Meet our Expert

Kimberley_ScharfKimberley Scharf – Professor of Economics at the University of Warwick

Kimberley Scharf is Professor of Economics at the University of Warwick. She is also co-founder and President of Public Economics UK (PEUK), Research Associate at the Centre for Economic Policy Research (CEPR), and the IFO Institute at the Center for Economic Studies (CESifo). 

“As the UK economy begins to recover, what do you think charities can learn from the recession years? Are there any measures that charities can take to safeguard their organisation against future recessions?”

The answer

Charities need buffers against short-run income fluctuations, in order to protect the continuity of their operations in the face of revenue downturns. The lack of a proper buffer against such fluctuations can lead to short-term myopic responses on the part of charities. This can undermine their mission and compromise their medium-run and long-run sustainability, causing programs to be disrupted and their aims to be overly influenced by transitory changes. Put more simply, having to continuously refocus activities and reorganise the organisation involves adjustment costs that are wasteful in the medium and long run. Ways of dealing with this include diversification of income sources and increased reliance on investment income (e.g. charitable trusts).

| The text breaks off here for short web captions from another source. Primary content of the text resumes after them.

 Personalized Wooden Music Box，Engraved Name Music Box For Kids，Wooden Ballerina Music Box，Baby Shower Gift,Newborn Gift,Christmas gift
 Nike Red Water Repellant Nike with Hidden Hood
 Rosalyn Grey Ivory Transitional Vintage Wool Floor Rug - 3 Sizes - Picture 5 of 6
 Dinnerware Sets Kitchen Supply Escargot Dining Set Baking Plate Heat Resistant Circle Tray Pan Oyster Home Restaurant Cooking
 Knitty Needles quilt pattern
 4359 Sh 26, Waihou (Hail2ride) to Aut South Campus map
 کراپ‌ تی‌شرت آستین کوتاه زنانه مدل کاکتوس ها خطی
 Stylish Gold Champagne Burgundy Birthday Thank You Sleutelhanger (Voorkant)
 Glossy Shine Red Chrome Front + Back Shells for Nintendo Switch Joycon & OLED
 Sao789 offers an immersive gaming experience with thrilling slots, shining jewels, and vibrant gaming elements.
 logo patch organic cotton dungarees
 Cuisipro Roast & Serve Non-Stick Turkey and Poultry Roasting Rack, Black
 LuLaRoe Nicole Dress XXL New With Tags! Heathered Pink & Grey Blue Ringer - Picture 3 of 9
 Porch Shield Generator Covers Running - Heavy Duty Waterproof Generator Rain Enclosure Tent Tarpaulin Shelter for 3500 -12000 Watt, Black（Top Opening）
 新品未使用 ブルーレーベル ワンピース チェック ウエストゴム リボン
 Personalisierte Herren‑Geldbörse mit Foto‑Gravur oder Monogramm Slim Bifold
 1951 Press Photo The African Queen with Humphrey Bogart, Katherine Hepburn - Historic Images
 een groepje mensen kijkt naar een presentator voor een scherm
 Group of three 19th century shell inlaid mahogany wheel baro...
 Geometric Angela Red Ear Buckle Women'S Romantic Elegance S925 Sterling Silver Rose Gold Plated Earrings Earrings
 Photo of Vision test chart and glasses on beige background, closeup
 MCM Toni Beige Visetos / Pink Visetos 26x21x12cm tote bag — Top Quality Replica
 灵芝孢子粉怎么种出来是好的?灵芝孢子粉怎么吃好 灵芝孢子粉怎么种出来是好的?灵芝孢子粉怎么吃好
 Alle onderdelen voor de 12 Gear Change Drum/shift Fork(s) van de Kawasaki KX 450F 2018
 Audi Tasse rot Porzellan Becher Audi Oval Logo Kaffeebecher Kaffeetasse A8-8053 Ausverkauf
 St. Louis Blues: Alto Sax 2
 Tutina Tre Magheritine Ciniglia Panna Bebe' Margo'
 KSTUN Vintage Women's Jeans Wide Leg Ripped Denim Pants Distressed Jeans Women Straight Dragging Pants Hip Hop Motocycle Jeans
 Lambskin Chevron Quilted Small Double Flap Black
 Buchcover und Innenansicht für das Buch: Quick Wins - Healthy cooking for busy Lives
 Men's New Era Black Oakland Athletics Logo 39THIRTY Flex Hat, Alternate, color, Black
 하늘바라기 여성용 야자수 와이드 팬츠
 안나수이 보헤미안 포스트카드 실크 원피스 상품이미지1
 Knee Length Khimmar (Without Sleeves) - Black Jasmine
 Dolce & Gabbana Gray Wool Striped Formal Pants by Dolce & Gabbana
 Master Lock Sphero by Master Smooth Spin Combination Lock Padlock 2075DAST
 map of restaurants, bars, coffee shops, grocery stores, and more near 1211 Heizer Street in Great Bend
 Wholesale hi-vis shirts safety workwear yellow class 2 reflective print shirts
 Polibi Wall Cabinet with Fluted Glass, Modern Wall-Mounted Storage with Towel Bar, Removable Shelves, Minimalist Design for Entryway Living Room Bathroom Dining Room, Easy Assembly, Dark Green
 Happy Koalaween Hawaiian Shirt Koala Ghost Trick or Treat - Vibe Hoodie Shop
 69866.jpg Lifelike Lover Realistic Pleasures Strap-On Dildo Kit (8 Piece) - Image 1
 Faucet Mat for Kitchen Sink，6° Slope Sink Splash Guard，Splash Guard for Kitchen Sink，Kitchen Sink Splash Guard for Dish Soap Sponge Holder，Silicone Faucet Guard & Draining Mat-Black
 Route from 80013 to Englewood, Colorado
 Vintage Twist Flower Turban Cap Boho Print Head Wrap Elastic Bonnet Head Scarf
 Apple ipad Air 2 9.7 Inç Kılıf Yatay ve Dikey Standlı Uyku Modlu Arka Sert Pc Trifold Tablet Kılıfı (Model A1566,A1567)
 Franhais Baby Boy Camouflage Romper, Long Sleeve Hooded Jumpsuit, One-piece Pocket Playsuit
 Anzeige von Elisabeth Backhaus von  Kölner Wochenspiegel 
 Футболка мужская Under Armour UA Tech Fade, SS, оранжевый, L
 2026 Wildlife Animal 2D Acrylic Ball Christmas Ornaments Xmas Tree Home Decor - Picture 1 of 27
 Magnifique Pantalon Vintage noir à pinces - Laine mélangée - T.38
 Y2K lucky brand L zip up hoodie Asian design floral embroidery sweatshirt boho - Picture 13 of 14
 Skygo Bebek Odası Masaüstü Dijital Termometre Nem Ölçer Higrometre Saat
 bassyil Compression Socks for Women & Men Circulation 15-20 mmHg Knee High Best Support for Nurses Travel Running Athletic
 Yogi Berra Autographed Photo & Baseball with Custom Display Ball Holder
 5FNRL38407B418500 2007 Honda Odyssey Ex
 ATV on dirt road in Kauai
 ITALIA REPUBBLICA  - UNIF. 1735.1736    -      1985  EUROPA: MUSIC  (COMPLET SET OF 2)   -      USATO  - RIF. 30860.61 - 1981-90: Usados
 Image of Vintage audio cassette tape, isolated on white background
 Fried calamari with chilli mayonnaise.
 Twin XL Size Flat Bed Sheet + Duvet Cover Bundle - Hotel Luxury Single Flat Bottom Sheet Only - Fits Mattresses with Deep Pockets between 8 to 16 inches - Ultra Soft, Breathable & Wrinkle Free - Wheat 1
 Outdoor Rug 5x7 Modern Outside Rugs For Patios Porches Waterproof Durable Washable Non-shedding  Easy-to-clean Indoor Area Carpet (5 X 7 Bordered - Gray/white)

At the same time that charities should attempt to neutralise effects of fluctuations on their operations and prevent knee-jerk responses stemming from pressures on the income side of their organisation – and without implying a contradiction with these aims – charities need to be responsive to fluctuations that relate to the needs that their activities serve, i.e. they should try to identify how economic downturns affect the circumstances of the beneficiaries of their programmes and should react accordingly. For example, in bad times, food banks will need to supply more meals for the hungry than they would in good times; responding to their mission as consumption smoothers for individuals in need. Food banks should then build capacity in good times (when less is needed, providing less), which allows for quick response to need in bad times (when more is needed).

In summary, charities that want to thrive and be sustainable in the long run need to have long run plans in place that provide buffers against income fluctuations. At the same time, they need to have enough flexibility to respond quickly to changes in the needs of their beneficiaries. Achieving both of these objectives at the same time requires proper planning, ingenuity and technical know-how.